Dataset items:
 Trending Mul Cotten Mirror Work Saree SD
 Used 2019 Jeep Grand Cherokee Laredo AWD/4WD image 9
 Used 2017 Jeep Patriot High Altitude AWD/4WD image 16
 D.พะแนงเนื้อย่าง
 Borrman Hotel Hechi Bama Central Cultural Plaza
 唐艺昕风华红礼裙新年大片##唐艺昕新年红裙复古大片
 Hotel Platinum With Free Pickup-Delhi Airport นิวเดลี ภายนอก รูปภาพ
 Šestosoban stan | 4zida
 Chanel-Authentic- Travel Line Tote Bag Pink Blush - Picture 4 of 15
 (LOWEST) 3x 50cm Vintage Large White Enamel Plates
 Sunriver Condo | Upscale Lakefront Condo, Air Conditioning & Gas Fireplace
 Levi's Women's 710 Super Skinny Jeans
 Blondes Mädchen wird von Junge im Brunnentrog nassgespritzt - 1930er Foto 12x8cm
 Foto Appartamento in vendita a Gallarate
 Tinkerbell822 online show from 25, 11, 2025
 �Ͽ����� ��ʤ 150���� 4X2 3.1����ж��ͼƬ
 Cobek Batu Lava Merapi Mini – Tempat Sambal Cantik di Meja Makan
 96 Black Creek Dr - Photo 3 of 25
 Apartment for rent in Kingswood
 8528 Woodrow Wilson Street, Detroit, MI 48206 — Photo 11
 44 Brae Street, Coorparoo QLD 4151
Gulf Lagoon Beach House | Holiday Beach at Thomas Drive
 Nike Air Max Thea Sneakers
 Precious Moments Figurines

> **Exercise directions**
Count how many lines of the entries include the string "Foto". The number is the entire answer.

> **Answer box**
2